A cautionary note: Some websites seem to be “science” oriented but really are not. I am sorry to say that I am not a big fan of Science Daily. I feel that their news stories exaggerate the importance of the findings of the studies they report. On the other hand, Science Magazine the website of the American Association for the Advancement of Science, does an excellent job in digesting the latest findings in a way that is understandable, interesting and- most importantly- accurate. This is not the same“Science.org,” which is a medical listing marketplace. There’s good information there, but the “marketplace” angle means that it may not be 100% objective in its reporting.
Finally, there’s Twitter. Among the clutter of ads, celebrity ramblings, and just plain nonsensical hashtags and “@” signs, you can find some excellent links to good, solid sources. You can look for terms such as #psych, #psychology, or #depression, for example, and many great links will pop up. I’ve created a little newsletter, called the Psychnews Daily, which is a synopsis of stories from sources that I follow throughout the psychology Twitterverse.

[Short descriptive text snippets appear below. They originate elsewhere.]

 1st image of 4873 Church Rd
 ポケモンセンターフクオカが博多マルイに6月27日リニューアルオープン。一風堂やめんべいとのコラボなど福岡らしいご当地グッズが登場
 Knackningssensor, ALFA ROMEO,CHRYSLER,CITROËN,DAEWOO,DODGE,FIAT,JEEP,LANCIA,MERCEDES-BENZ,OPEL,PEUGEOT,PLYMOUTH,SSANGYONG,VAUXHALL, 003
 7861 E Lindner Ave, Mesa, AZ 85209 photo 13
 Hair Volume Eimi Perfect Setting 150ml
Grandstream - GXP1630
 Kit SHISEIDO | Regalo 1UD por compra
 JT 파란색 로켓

You’ve made it through this brief tour of psychology—now it’s time for you to learn a few more helpful tricks of the trade:
- Experts may be willing to send you resources. If you have a very specific question about an abstract or you’ve read online, and the author’s email address is listed, you can try asking the author directly. You may also contact the author to obtain a copy of an article for which you can only find an online abstract. Be careful in the way that you word your request, and make your request a reasonable one that the expert can easily fulfill.

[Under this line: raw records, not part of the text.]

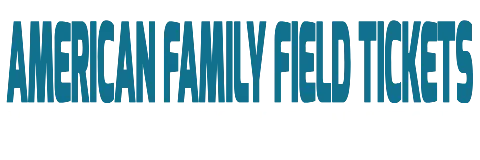 American Family Field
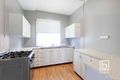 Property photo of 117 Diamond Head Drive Budgewoi NSW 2262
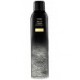 ORIBE Gold Lust Dry Shampoo, 6 oz.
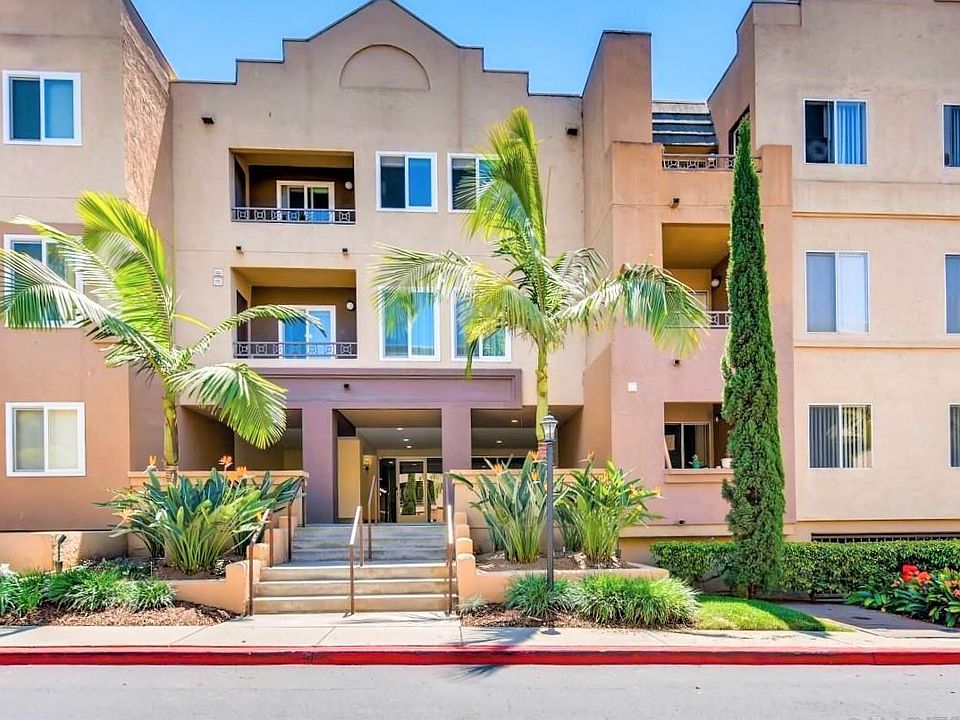 1st image of 3520 Lebon Dr Unit 5209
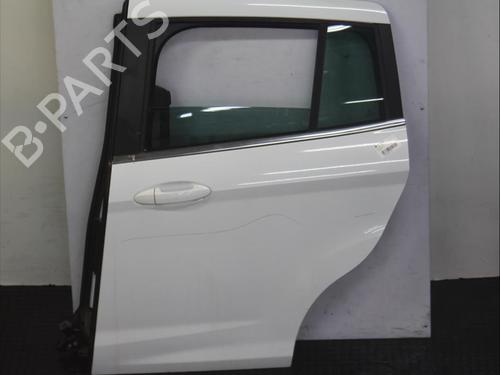 left-slide-door-ford-b-max-jk-1-752-839-2012-12084757 main image
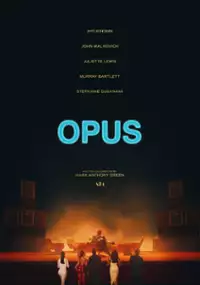 Opus
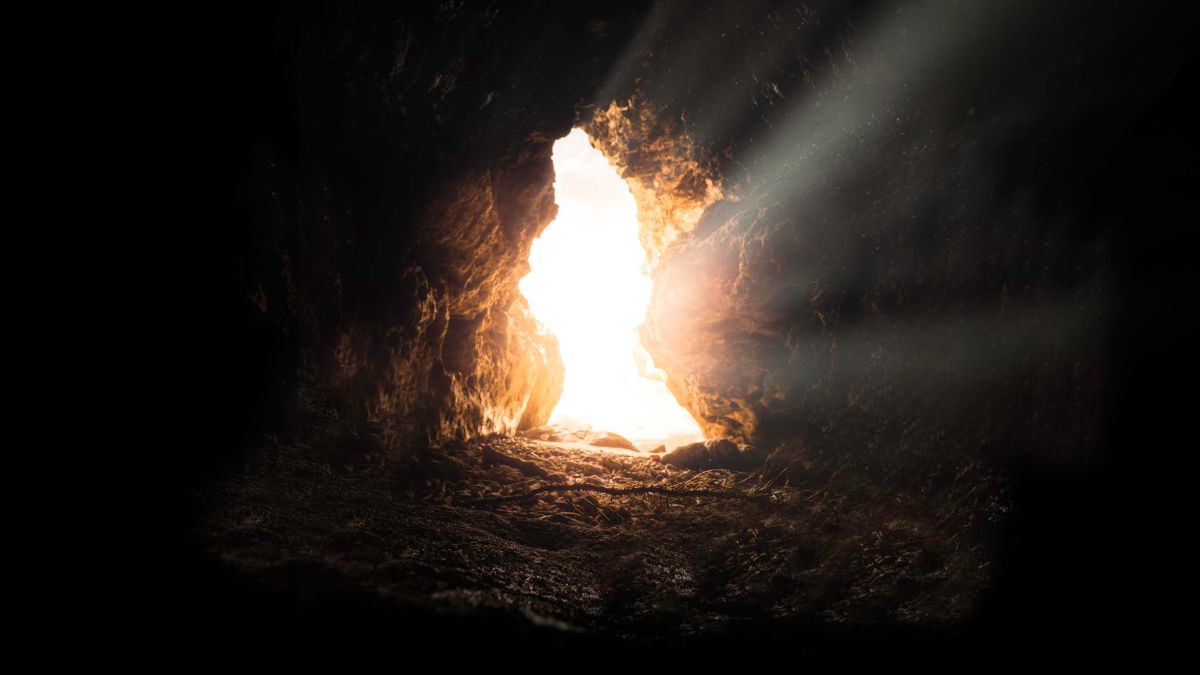 Las mejores películas para ver en esta Semana Santa: ideales para reflexionar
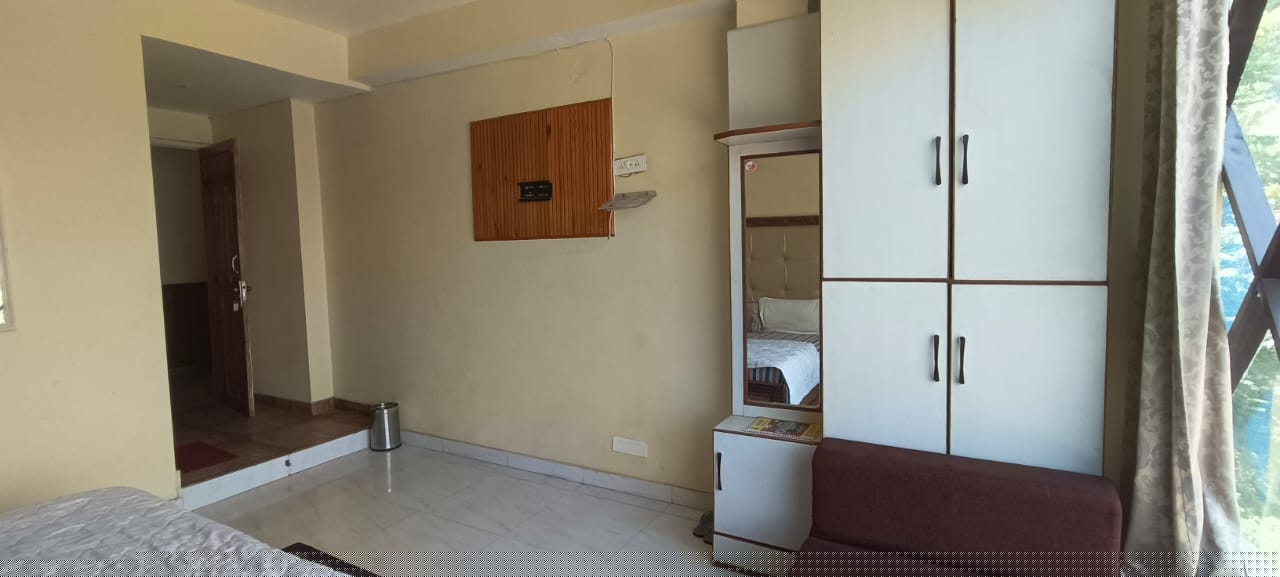 Punjab National Bank Auctions for Commercial property in Shimla, Himachal Pradesh image 12 of 16 in Narkanda, Shimla | Punjab National Bank auction property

- Most colleges or graduate programs publicize their research online. Whether you’re interested in attending a psychology program, or just want to learn more about a particular topic, you can find extensive resources on the websites of all reputable educational institutions. Some researchers allow you to download their articles from these websites, so if you couldn’t get them for free through another source you can get them there.
- Many conferences, colleges, and universities sponsor talks for the public, including high school students. Many psychologists are heavily involved in reaching out to their communities. You may be surprised to learn just how many talks are being sponsored in your local area where the lay public is not only invited, but highly desired, in the audience. This opportunity will also allow you to engage in face-to-face dialogue with an expert who can lead you to further resources or even opportunities for college or graduate study in psychology
- Volunteer opportunities can give you a chance to take as well as give. If you can spare the time to work in a local shelter, hospital, halfway house, charity, or community center, you may find that the connections you make there can give you greater exposure to the field. Volunteers may also be given invitations to invited talks that are not open to the public as a way to say “thanks.” Through these talks, you can greatly expand your knowledge about specific areas of psychology.

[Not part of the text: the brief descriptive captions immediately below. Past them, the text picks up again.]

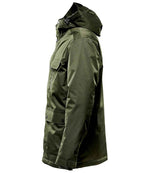 Stormtech Zurich Thermal Parka Jacket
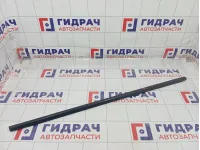 Накладка стекла заднего правого Chevrolet Cruze 95274250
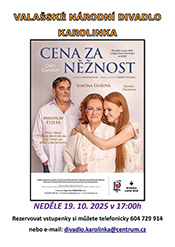 karolinka-cena-za-neznost-2025-poster-sm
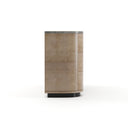 Roam Dresser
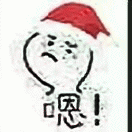 ��ɫ��С�˱������ͼ3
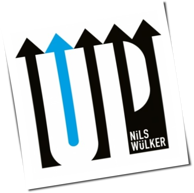 Nils Wülker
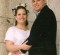 “How We Met” Story #3 — David & Darcy
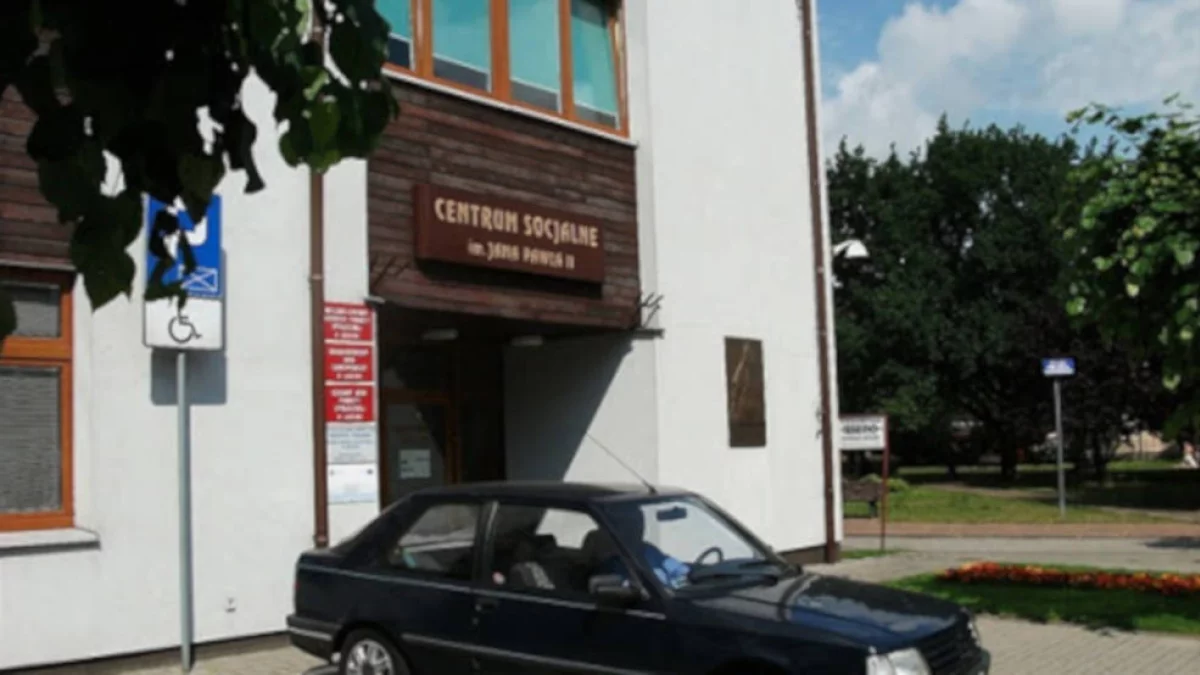 Poszukiwana jest jarocińska „złota rączka”. Gdzie się zgłaszać i co miałby robić taka osoba? [SONDA]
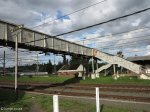 mooi-river-station-206-km-to-durban-s-29-12-28-e-29-59-50-elev-1387m-8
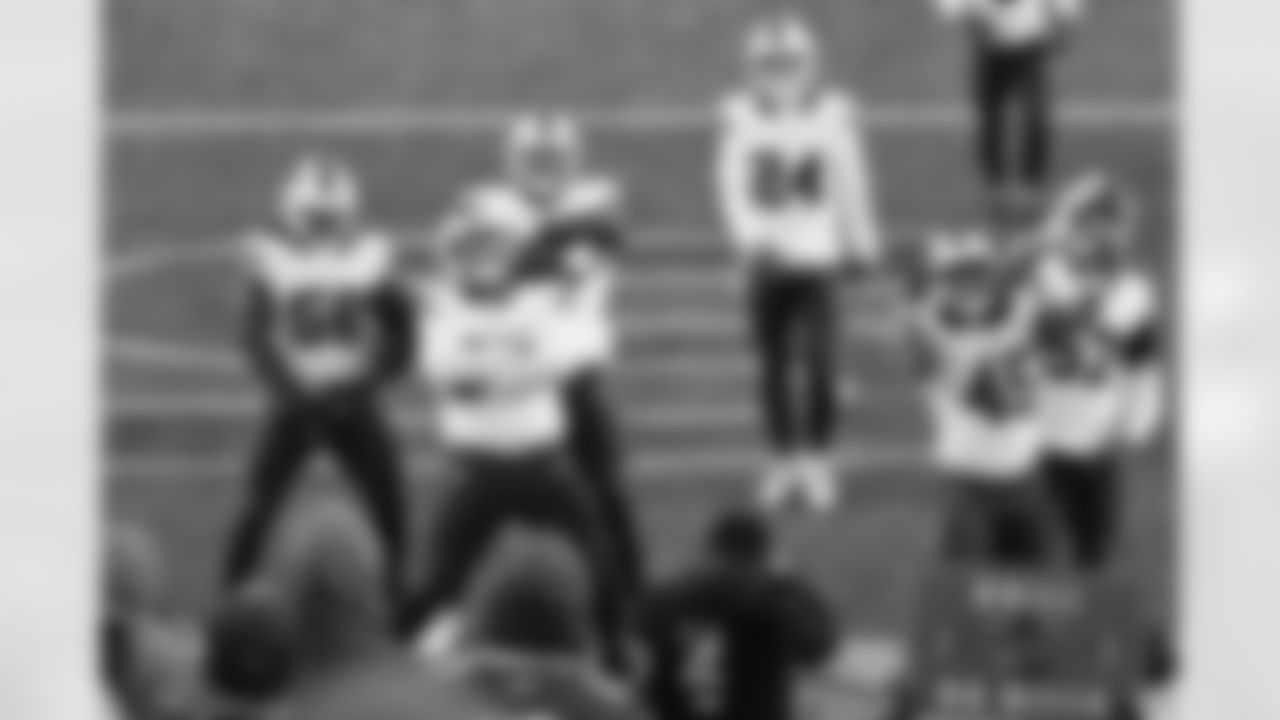 Buffalo Bills vs Denver Broncos, Divisional Game, January 17, 2026 at Empower Field at Mile High.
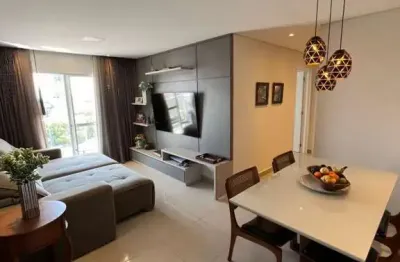 Apartamento para venda em guarapuava, santa cruz, 2 dormitórios, 1 banheiro, 1 vaga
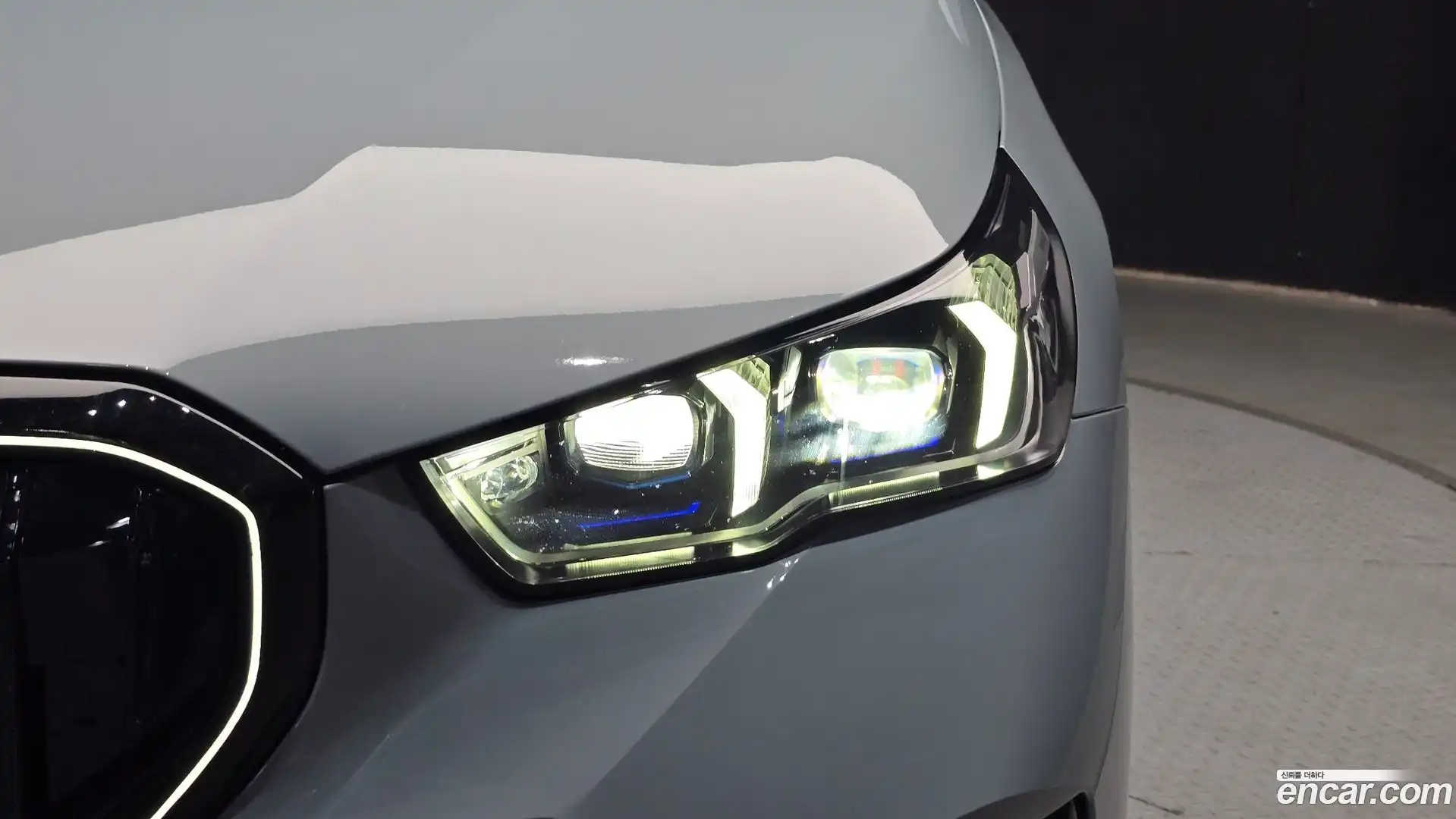 5-Series BMW 2025.9-OUTER-032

- Put a psychology student to work for you. Their broad background in behavioral science gives psychology students, even undergraduates, knowledge that can be useful in many settings. They can be excellent baby sitters, interns, trainees, and – of course- employees. Even if you don’t have a job to offer, by giving students a chance to get practical experience through volunteering, you’re helping them establish themselves in the field.
I hope this Insider’s Guide has given you helpful insights and useful practical information.